Ese 43 por ciento, sin embargo, debe bajar
todavía más si la estadística pudiera recoger lo que en efecto pagan las
entidades. Lo habitual es que, una vez emitido el laudo, el Estado
invariablemente interpone el recurso de anulación que sólo cabe contra
cuestiones de forma y no de fondo, pero que se ha distorsionado hasta
convertirse en una segunda instancia con lo que se termina judicializando la
reclamación que desde 1998 se retiró de la competencia judicial para llevarla a
la arbitral. Con el paso de los años se ha vuelto a lo mismo.
Desafortunadamente eso no es lo único que
ocurre.

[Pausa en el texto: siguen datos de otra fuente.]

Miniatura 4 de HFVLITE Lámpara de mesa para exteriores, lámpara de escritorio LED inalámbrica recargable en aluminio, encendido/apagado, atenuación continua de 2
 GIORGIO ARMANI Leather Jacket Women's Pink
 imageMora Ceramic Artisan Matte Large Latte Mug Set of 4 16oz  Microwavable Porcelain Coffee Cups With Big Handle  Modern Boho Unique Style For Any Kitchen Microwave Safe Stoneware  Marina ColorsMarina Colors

A lo largo del proceso es frecuente la presentación de recursos de
reconsideración contra cualquier decisión arbitral que pueda interpretarse como
desfavorable a la entidad, la queja contra los árbitros que la suscriben y la
posterior recusación contra ellos mismos que paraliza el proceso durante largos
períodos.
Tales artilugios lo único que pretenden es
dilatar los arbitrajes lo más que se pueda para rehuir la discusión de los
puntos controvertidos y, de paso, intentar que sea una nueva administración la
que tenga que enfrentarlos.
En este escenario en la gran mayoría de los
casos sólo progresan los arbitrajes amañados, aquellos en los que se confabulan
funcionarios, proveedores y árbitros, en los que se inventan deudas
inexistentes y en los que el proceso fluye muy rápido, sin mayores incidentes,
se lauda muy pronto y las partes cobran de inmediato porque, al final, se trata
de un botín que se reparten entre todos. Los arbitrajes serios que entablan los
contratistas a los que se les ha negado injustamente un derecho no tienen,
desde luego, esa suerte. Caminan por senderos tortuosos y se enfrentan con
múltiples inconvenientes.
Algunos funcionarios públicos olvidan, por
ejemplo, que sólo pueden recusar a los árbitros, conforme a lo indicado en el
inciso 3 del artículo 28 de la Ley de Arbitraje – Decreto Legislativo 1071, “si
concurren en él circunstancias que den lugar a dudas justificadas sobre su
imparcialidad o independencia, o si no posee las calificaciones convenidas por
las partes o exigidas por la ley.”
Emitir una resolución en contra de una de las
partes o que una de las partes no la comparte, evidentemente no constituye una
causa para recusar a un árbitro, al punto que el inciso 5 del artículo 29
categóricamente señala que “no procede recusación basada en decisiones del
tribunal arbitral emitidas durante el transcurso de las actuaciones
arbitrales.” Hacerlo contraviene abiertamente la obligación de las partes de
“observar el principio de la buena fe en todos sus actos e intervenciones en el
curso de las actuaciones arbitrales y a colaborar con el tribunal arbitral en
el desarrollo del arbitraje” a que se refiere el artículo 38.